On 18 and 19 April, we accompanied the Peace Community in its Holy Week celebrations. This year the community decided to carry out the stations of the cross in the hamlets of Arenas Altas and Arenas Bajas, commemorating the peasants assassinated on these lands since the 90s. At that time, paramilitary groups entered the region, looking to control the land and its resources. This led to an escalation of the armed conflict with the FARC, at the expense of the civilian population, who were assassinated and pushed of the land. In 1997, the peasantry of San José de Apartadó decided to unite and declare itself as a neutral party in the armed conflict. This gave rise to a new experience of civil resistance; the Peace Community of San José de Apartadó.
We began the accompaniment in Arenas Bajas along with Father Javier Giraldo, who has provided spiritual and political support to the Peace Community since its creation. During the Holy Thursday Mass, the father reflected on the importance of love and solidarity as the way to live and resist in a peaceful territory. “A huge heart to love, a strong heart to fight.”
The Peace Community is a recognized example of peasant resistance. One of its fundamental pillars is defending the right to protect and work the land –to live on her with dignity. In the 2000s, the community faced economic blockades, during which paramilitary groups prohibited the transportation of food into the rural communities. At that point, the community opted to focus on food sovereignty, as a development alternative.

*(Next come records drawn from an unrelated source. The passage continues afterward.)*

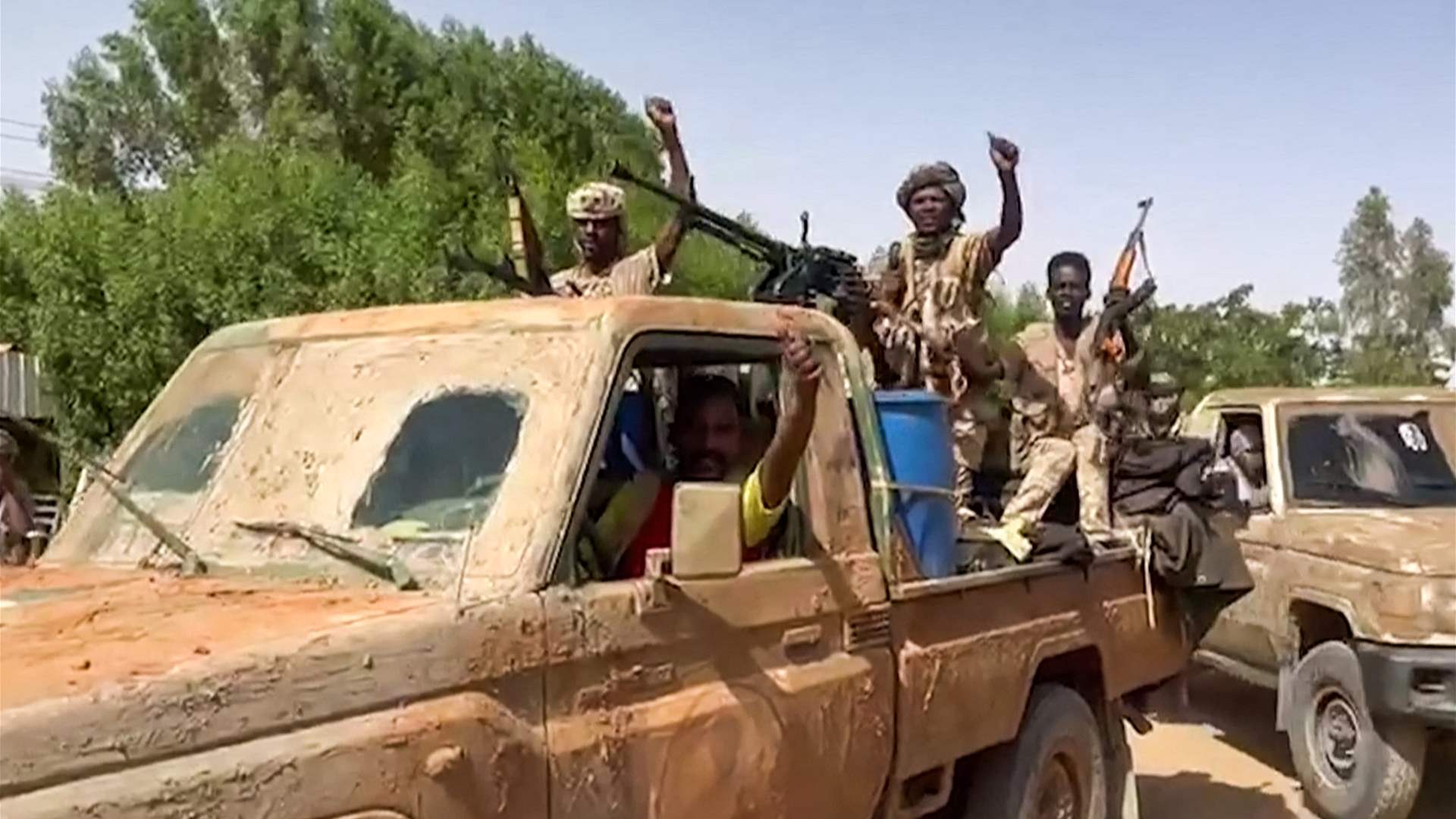 10 قتلى بضربة طائرة مسيّرة استهدفت سوقا في ولاية شمال دارفور السودانية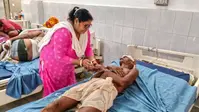 महिला को डायन कहकर प्रताड़ित करने का विरोध पड़ा भारी, बुजुर्ग पर जानलेवा हमला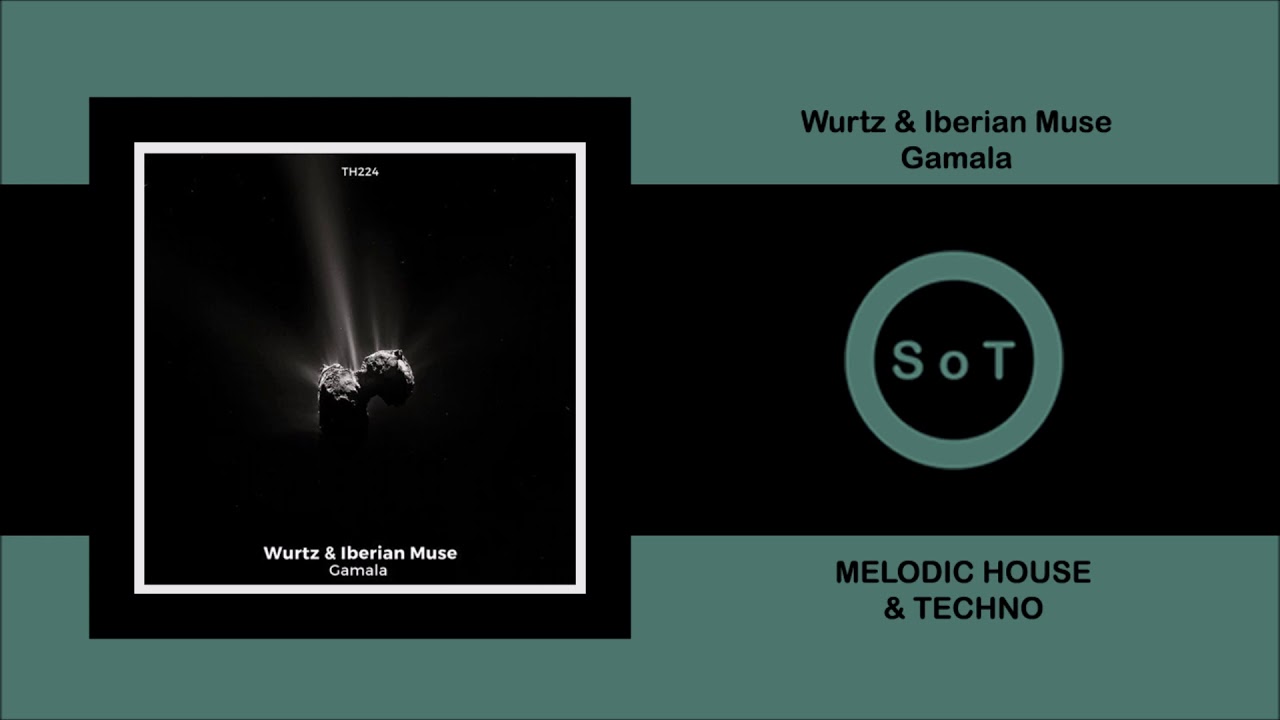 Wurtz & Iberian Muse - Gamala (Extended Mix) [Melodic House & Techno] [Three Hands Records]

Throughout the stations of the cross, we made several stops where community members commemorated the murder and disappearance of civilians. Once again, the community sought to remember its dead; they consider memory to be essential to resist political violence.
PBI has accompanied the Peace Community since 1999. Through our physical and political accompaniment we look to guarantee a safe space so that the community members can live and work for a peaceful future.
There was broad participation in the stations of the cross. Children, youth, seniors, international accompaniment organizations, and other friends of the community shared this journey. The Peace Community has a broad support network, both nationally and internationally, and they are beneficiaries of precautionary measures from the Inter-American Court of Human Rights.
…. We had plenty of rain!
After a 10 hour hike we reached our last stop. In the words of Germán Graciano, the community’s legal representative, “I do not know how many people in the world have done what we did today. This is an example of memory, fighting against oblivion.”
We finally reached the community, and the mules and horses can rest! These colorful murals are the result of a community art project that looks to reflect daily life in the community. The community is organized using community work, making it possible to sustain their way of life.